Jakarta, CNN Indonesia --
Sekelompok peneliti berhasil menemukan gambar cadas atau lukisan gua tertua di dunia. Lukisan yang diketahui berbentuk babi berusia 45.500 tahun itu ditemukan di Leang Tedongnge, Sulawesi Selatan.
Basran Burhan, arkeolog Universitas Griffith yang terlibat dalam penemuan itu mengatakan penemuan terjadi ketika sedang melakukan eksplorasi di wilayah Kabupaten Pangkajene dan Kepulauan (Pangkep), Sulsel, sekitar tahun 2017.
Kala itu, dia berkata bersama dengan empat rekannya melihat sebuah lokasi di dalam peta yang cukup menarik untuk di eksplorasi. Lokasi itu berada di sebuah lembah kecil yang ada di tengah gugusan karst.
ADVERTISEMENT
SCROLL TO CONTINUE WITH CONTENT
"Karena situasi itu, kami sempat tanya-tanya penduduk di sekitar itu. Ternyata mereka tahu dan kami caru tahu caranya ke sana, dan mereka kasih tahu," ujar Basran kepada CNNIndonesia.com, Jumat (22/1).
Basran enggan menceritakan detil lokasi Leang Tedongnge. Ia dan rekannya khawatir situs prasejarah tersebut dikunjungi banyak orang dan menjadi rusak.
Meski demikian, Basran dan tim mengaku membutuhkan waktu selama 2,5 jam berjalan kaki menuju lokasi itu. Tidak ada jalan aspal untuk kendaraan mencapai lokasi Leang Tedongnge.
Menemukan Leang Tedongnge, kata Basran bukan perkara mudah. Dia dan timnya harus memeriksa setiap lubang yang ada di lokasi tersebut. Setelah beberapa waktu, akhirnya Basran dan rekannya menemukan gua yang memiliki gambar cadas, belakangan diketahui berusia 45.500 tahun.
"Saat itu kami menemukan lima situs di sana, maksudnya sudah ada tinggalan manusia purbanya. Walaupun ada banyak gua yang lain, tapi tidak ada jejak tinggalan sejarahnya," ujarnya.
"Jadi hanya lima gua yang ada gambar cadasnya, Leang Tedongnge salah satunya," ujar Basran.
Basran mengklaim gambar cadas Leang Tedongnge terbilang unik dari gambar cadas yang ada gua sekitarnya. Sebab, dia melihat gambar cadas di Leang Tedongnge seolah menggambarkan interkasi antar binatang (babi). Selain itu, terdapat efek gerak lambat (slow motion) pada salah satu gambar.
"Jadi kalau diperhatikan digambar yang dipublkasikan seperti ada dua gambar yang tertimpa. Jadi ada yang bagian dalam warnanya agak merah terang, yang di dalam merah gelap. Jadi seperti ada pergerakan," ujarnya.
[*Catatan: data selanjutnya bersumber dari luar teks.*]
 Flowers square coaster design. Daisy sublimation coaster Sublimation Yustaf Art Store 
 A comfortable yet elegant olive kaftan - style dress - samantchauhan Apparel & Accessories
Sebagai seorang arkeolog, Basran berkata baru pertama kali melihat gambar cadas seperti itu. Di beberapa situs, dia berkata tidak ada gambar figuratif yang memiliki efek seperti yang ditemukan di Leang Tedongnge.
Basran mengatakan penemuan lukisan gua tertua di dunia di Leang Tedongnge sebenarnya merupakan bagian dari program penelitian yang dilakukan oleh Universitas Griffith. Sehingga, dia mengatakan langsung menghubungi koleganya di Australia untuk menindaklanjuti temuannya.
"Jadi saya hubungi mereka yang di Australia karena mereka yang tahu penanggalannya," ujar Basran.
Setahun pasca komunikasi itu, peneliti Universitas Griffith Maxime Aubert dan beberapa peneliti Pusat Penelitian Arkeologi Nasional (Arkenas) datang untuk mengambil sampel dari gambar cadas di Leang Tedongnge.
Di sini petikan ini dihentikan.